We also showed the importance of building a high-quality training set for DL models targeting code generation: Feeding low-quality code, even in small percentages, results in a major increase of low-quality code produced by the model (ICPC'25 conference).
*Automating code-related tasks*
There are several tasks revolving around software writing. In DEVINTA we targeted their (partial) automation with the goal of saving time to software developers. We focused on the usage of large pre-trained DL models. To better understand the idea behind these models, let's assume we are interested in training a DL model able to translate from Italian to English. The training would usually require to provide the model with several examples of Italian sentences translated to English. Creating such a training dataset requires manual effort. For this reason, these datasets are usually limited in size, with consequences on the model performance. The idea behind pre-training is to firstly "teach" the model basic features about the languages of interest without the need for a manually built dataset. For example, the model is provided as input with sentences of the language of interest (e.g. Italian sentences) having specific words masked and it is required to guess the masked words. Only after pre-training, the model is "fine-tuned" to learn the specific task of interest (in our example, the translation task). We showed that pre-training substantially boost performance in the automation of several code-related tasks (e.g. bug-fixing), with results published at the ICSE'21, ICSME'21, ICSE'22, ICSE'23, ICSE'24, and ICPC'24 conferences and in the TSE, JSS, and EMSE journals.

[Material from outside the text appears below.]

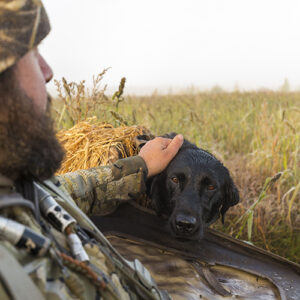 duck hunting in the blind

We also documented 45 tasks which developers automate via DL, presenting our findings at MSR'24 and receiving a Distinguished Paper Award.
*Online code review*
Code review is the process of analyzing source code written by a teammate to judge whether it is of sufficient quality to be integrated into the software project. We presented the first approach in the literature taking as input a previously unseen code and recommending code changes as a reviewer would do. These findings are detailed in works presented at the ICSE'21 and ICSE'22 conferences, and have been quite impactful, resulting in many follow-up works on the same topic. Finally, we run a controlled experiment with developers to assess the extent to which AI-based code review actually helps them in finding more quality issues. We found out that, while the AI is able to find quality issues, it also impacts the developers' behavior: Developers experience a tunnel-vision effect, focusing only on parts of the code commented by the AI and missing quality issues in other parts of the code (ICSE'25 conference).